Was passiert, wenn ein Weltklasse-Dirigent und 200 Schüler aus Berliner Schulorchestern aufeinandertreffen? Ein außergewöhnlicher Moment, der zeigt, wie die Kraft der Musik über sich hinauswachsen lässt. Hier lesen Sie die ganze Geschichte.

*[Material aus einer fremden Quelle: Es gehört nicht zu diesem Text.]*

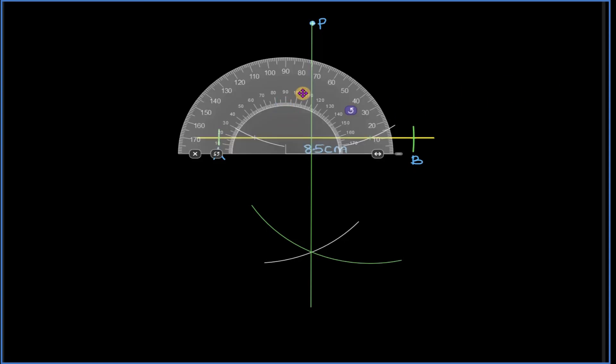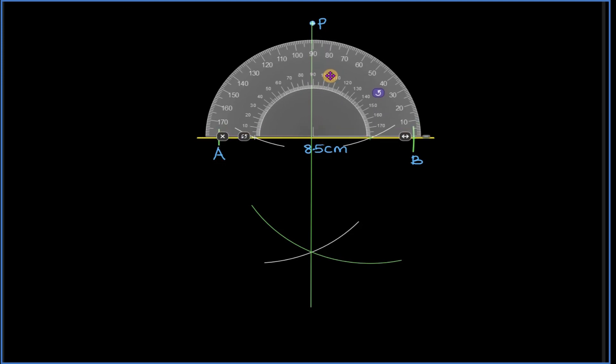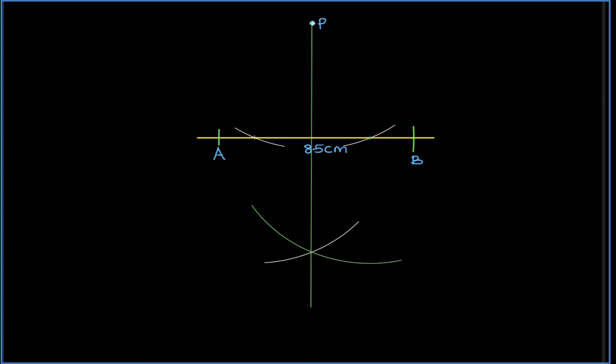Then pick your protractor to confirm whether the line cuts the line AB at a right angle. The result shows that the two lines intersect at a right angle, and bingo, the job is done.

Es gibt diese besonderen Momente, die zeigen, warum Musik eine universelle Sprache ist. Ein solcher Moment war jener Samstagmittag im Jahr 2007, als Sir Simon Rattle – Maestro und Weltstar – den Großen Saal der Berliner Philharmonie betrat. Dort warteten nicht die berühmten Berliner Philharmoniker, sondern rund 200 junge Musikerinnen und Musiker aus fünf Berliner Schulorchestern. Und was diesen an Perfektion fehlte, glichen sie mühelos durch ihre Energie und Begeisterung aus.
Das bewies schon der Einstieg ins Programm: Jedes Schulorchester durfte sich zunächst mit einem eigenen Stück vorstellen. Die Celli des Orchesters vom Britzer Albert-Einstein-Gymnasium jagten durch einen Presto-Satz von Haydn. Die Schüler der Schostakowitsch-Musikschule Lichtenberg zauberten eine berührend zarte Sarabande von Britten, während das Canisius-Kolleg mit Tschaikowsky bewies, dass auch Elegie jugendlich locker gespielt werden kann. Das Erich-Hoepner-Gymnasium brachte schließlich Berlioz "Gang zum Richtplatz" ins Spiel, und plötzlich stand ein ganzes Heer von 55 Schülern auf der Bühne. Ob Berlioz damit gerechnet hatte, dass seine dramatische Musik einmal von Teenagern in Turnschuhen aufgeführt würde?
Es ist nicht das erste Mal, dass der Dirigent im Ritterstand Berliner Schulorchestern die Ehre gibt. Im Februar 2013 leitete der Maestro sechs Nachwuchsorchester bei Auszügen aus Edvard Griegs "Peer Gynt Suite".
Dann jedoch war Sir Simons großer Moment gekommen. „Es ist Beethoven – nicht Frühstück!“ rief er fröhlich in gebrochenem Deutsch. Die Schülerinnen und Schüler, die eben noch stolz auf ihre Leistungen gewesen waren, fanden sich plötzlich mitten im Finale von Beethovens Fünfter Sinfonie wieder – dirigiert von einem Mann, dessen Leidenschaft jeden Einzelnen mitzureißen verstand.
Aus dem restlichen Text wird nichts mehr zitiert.